* What you have to do
Your reply should consist only of the lines from the one holding "Tom Ford Velvet Cherry Lipstick" to the last line of the data below, written out exactly and without pictures.
:: Provided material
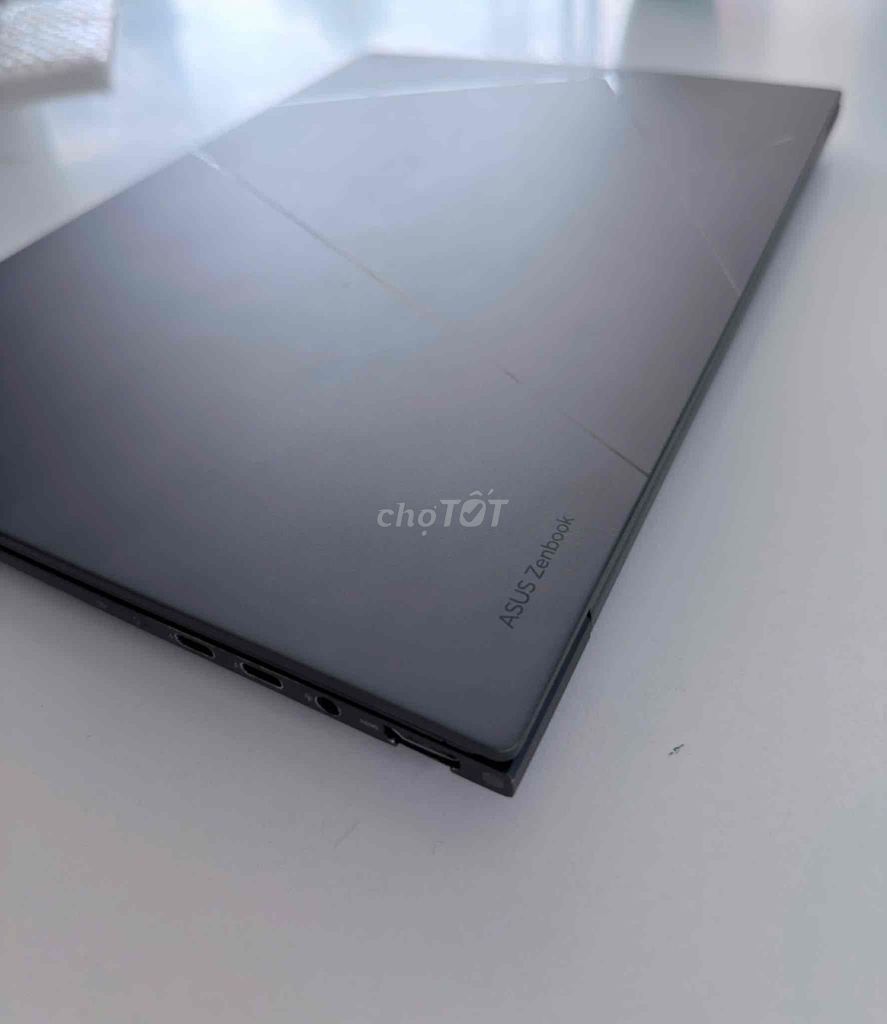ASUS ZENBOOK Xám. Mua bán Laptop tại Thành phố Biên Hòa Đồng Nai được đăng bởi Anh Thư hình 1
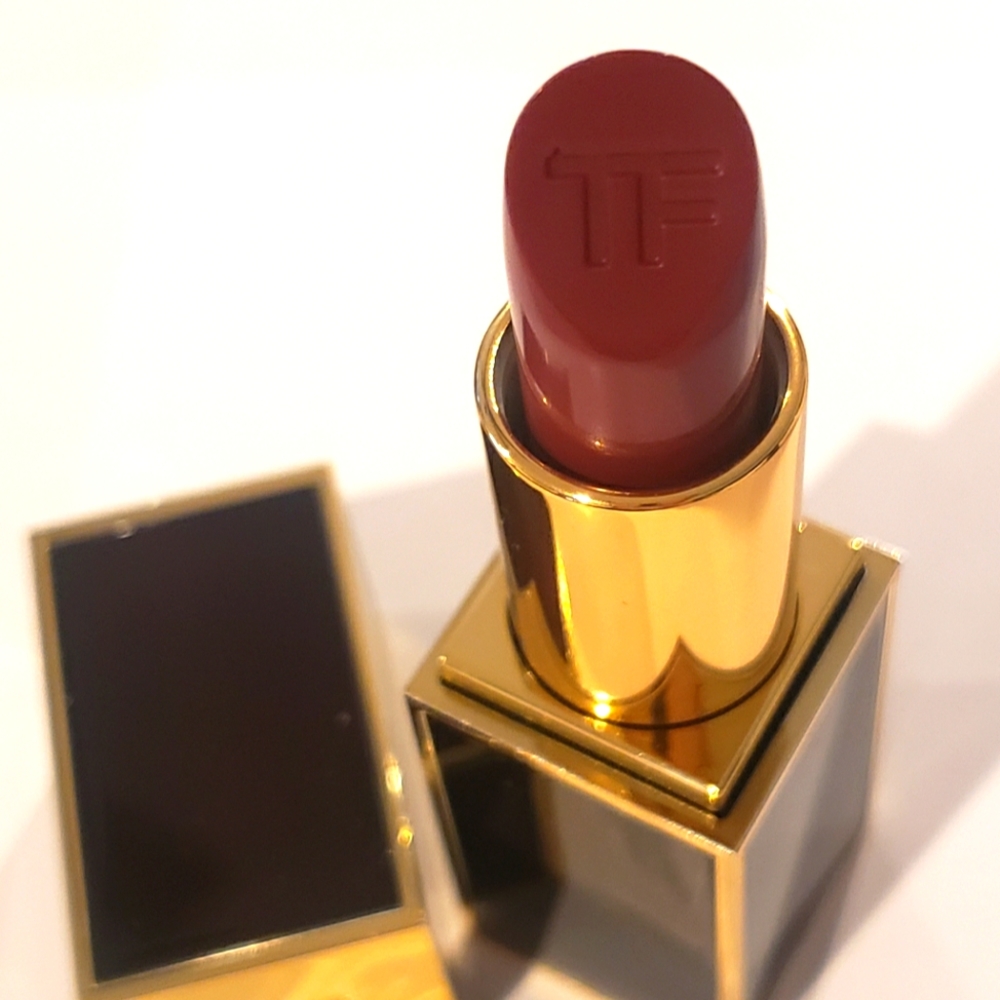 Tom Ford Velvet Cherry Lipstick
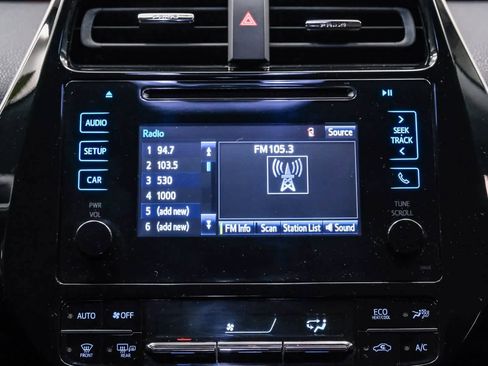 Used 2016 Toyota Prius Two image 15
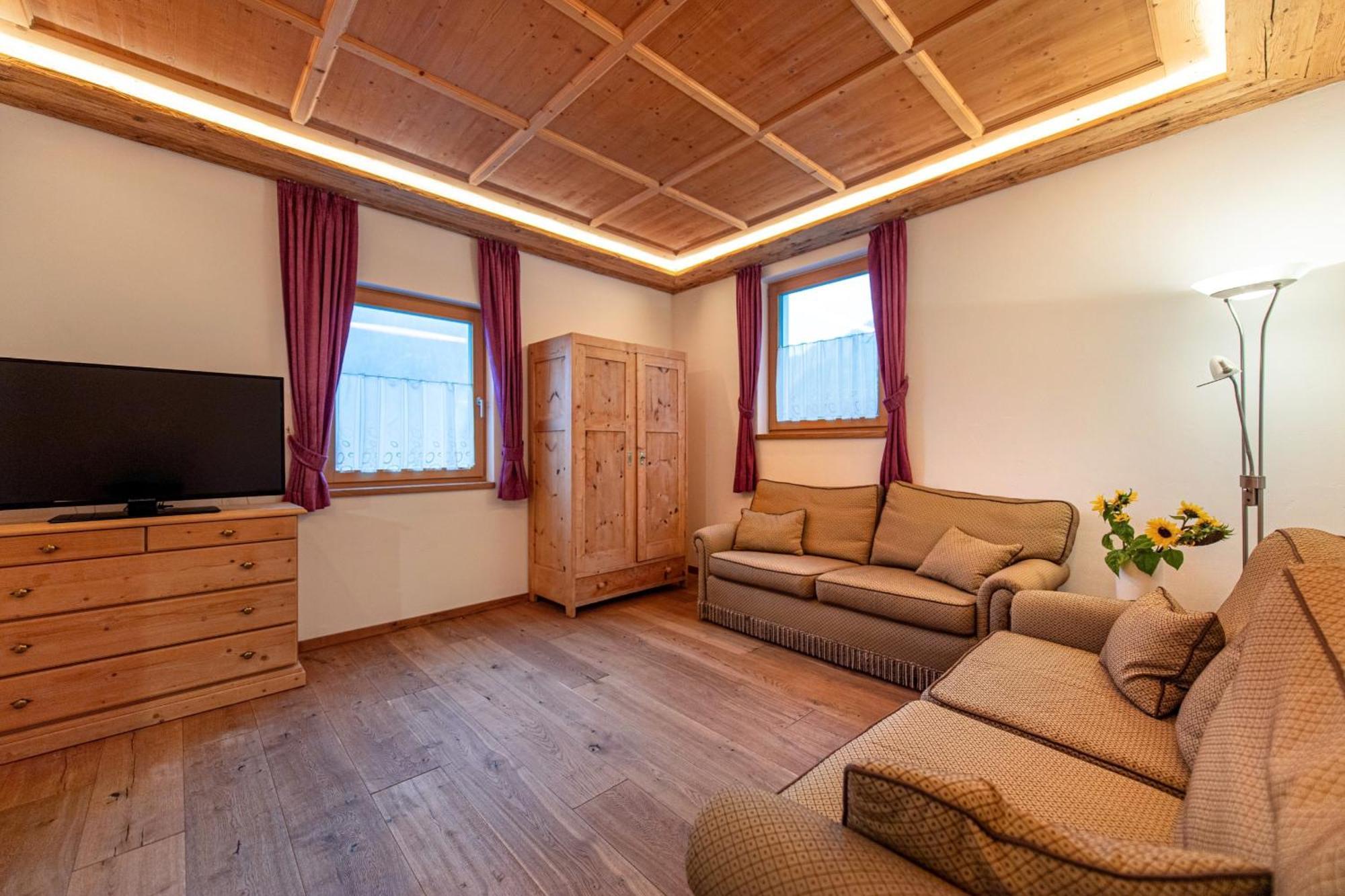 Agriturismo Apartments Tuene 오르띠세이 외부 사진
::::
* Answer to this task
 Tom Ford Velvet Cherry Lipstick
 Used 2016 Toyota Prius Two image 15
 Agriturismo Apartments Tuene 오르띠세이 외부 사진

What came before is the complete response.